You know, sometimes I accidentally come off harsher than I intend to be when I make online comments. Sometimes I'm just harsh for fun, but that's another story.
Point is, I'm starting to feel like I'm arguing with a Rush Limbaugh fan, where the question keeps migrating. I never said street harassment wasn't a problem, longlowercasename.
And Kitteh, please, tell me you're trolling. Please. By your logic, everyone is responsible for street harassment. Right? Do you even remember what you wrote twenty minutes ago?
So just because they haven't come up to you and told you they harass women means you don't know them or means they don't do it?

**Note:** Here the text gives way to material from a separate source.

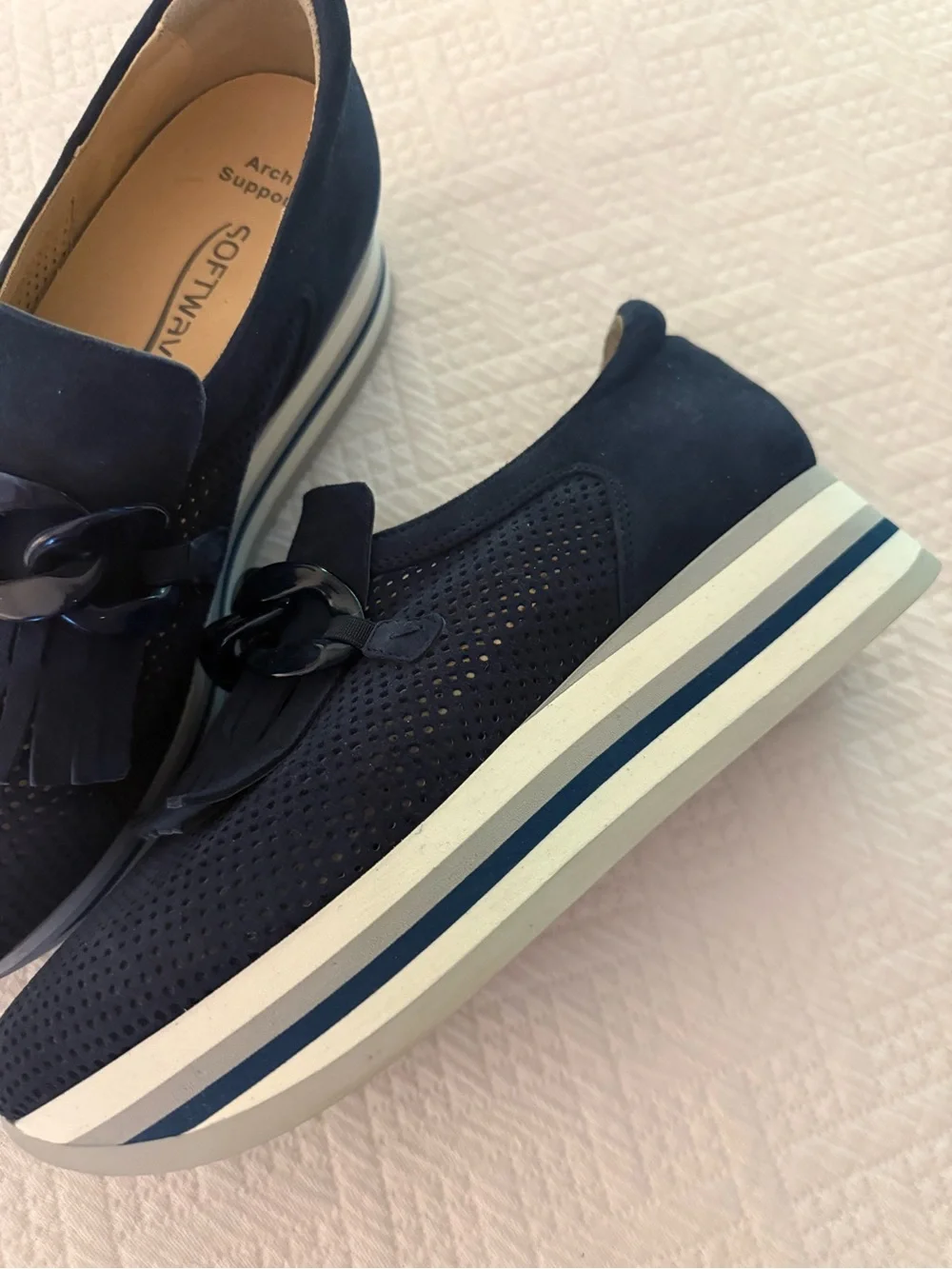 Navy Perforated Fringe Loafers with Glossy Chain
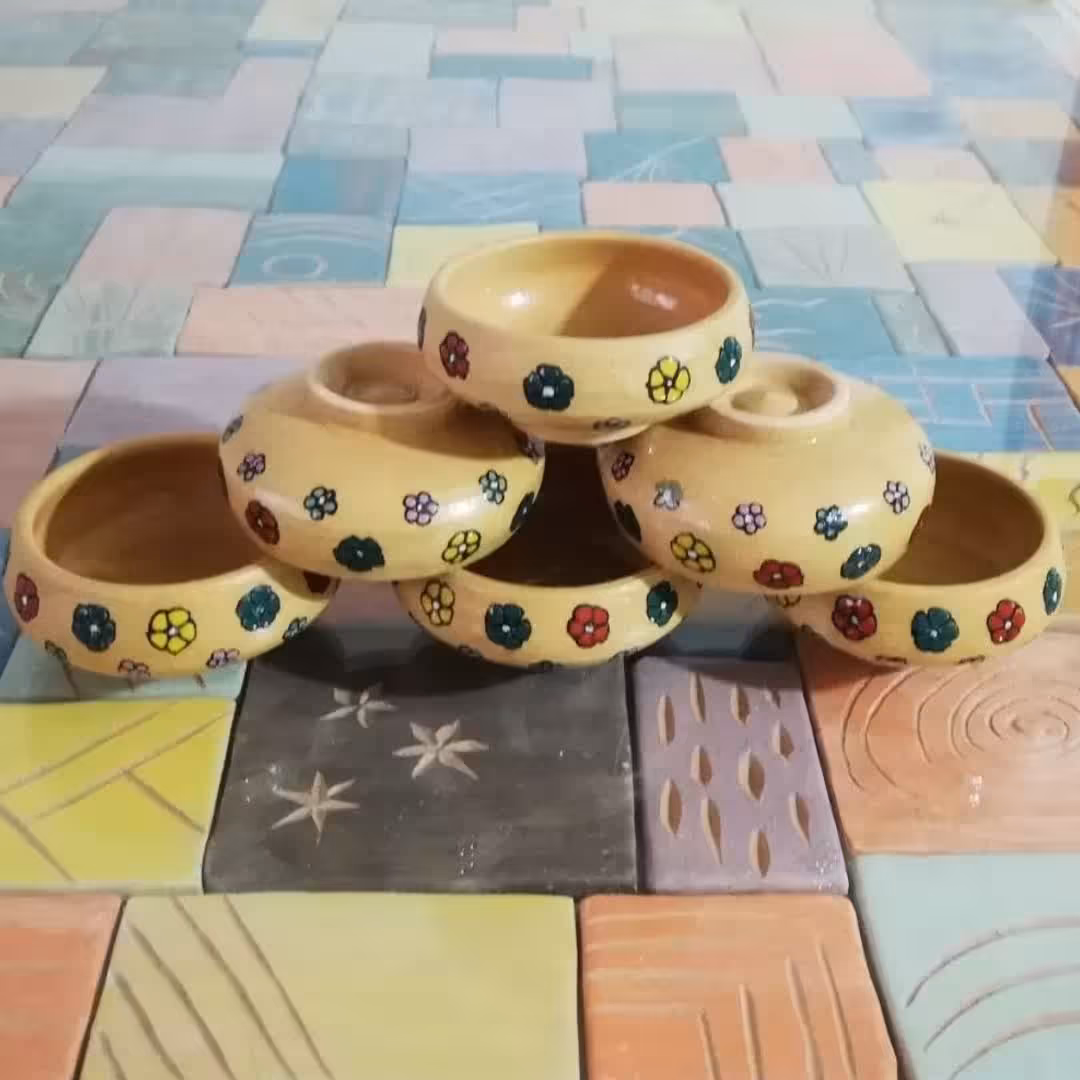 سالاد خوری سفالی طرح مینا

And you say I am contradicting myself? If a person you know robs a bank, you know a bank robber, whether he tells you about it or not. The fact that you refuse to acknowledge that you DO know harassers is why you're the problem. The fact that you think you have no influence on whether people you know do this is why you're the problem. Of course you're not personally responsible for somebody yelling at women in the street. But if you would assertively assume the stance that street harassment is a problem, disgusting and wrong it might make somebody reconsider. But you would never do that. would you? Because you have nothing whatsoever to do with street harassment. You wouldn't intervene when somebody did it in front of you, because you're not responsible for it, right? Yeah, how could anybody think you're part of the problem. So confusing. Just because you don't actively participate in a harmful activity doesn't mean you're disconnected from it.
jamdox the fact that you personally say you don't know any catcallers is not proof that catcalling and street harassment are not a problem Jesus christ. You probably don't have any friends who declare themselves anti-semitic either (I mean I hope), so is anti-semitism not a problem?
(maybe you think it's not. As someone who just heard a friend talking about the ziobanker conspiracy, I'm here to tell you it still is. So is street harassment).
I read the whole thing, Kitteh. I took that part out because it doesn't change the basic meaning of what they wrote, and just made shit longer.
And not to be oppressive or anything, but you're contradicting yourself. I actually don't know any cat-callers or harassers. Men I know may be those things, but they haven't revealed it to me.
But despite being a "statistically unlikely" person I am "the problem" and personally responsible for redressing it. But the article isn't directed at me. This makes no sense.
Also, fantasy football?
ha they get mad bcs they have this myopic view that we're talking about them. Patton Oswalt's recent public revision of his stance on rape jokes is a really good explanation/rebuttal of this mindset. @kitteh
Jamdox: nice edit! Realised you should've read the whole thing, huh? What you quoted originally "What men need is a wake-up call: You're the problem. If not you personally, then your best friend, a coworker, or that dude in your fantasy football league is."
Jamdox: Yes EXACTLY. You may not be the problem, but the number of men that harass women means it's statistically unlikely that you don't personally know somebody who is the problem. And it's only fair to make men aware that their friends, co-workers, family are potentially assholes. Because guess what, all women are aware of it, ALL THE TIME! If you don't understand what you're talking about then don't.
"If you don't do shit like this then this is not directed at you. So why get mad?"
"What men need is a wake-up call: You're the problem."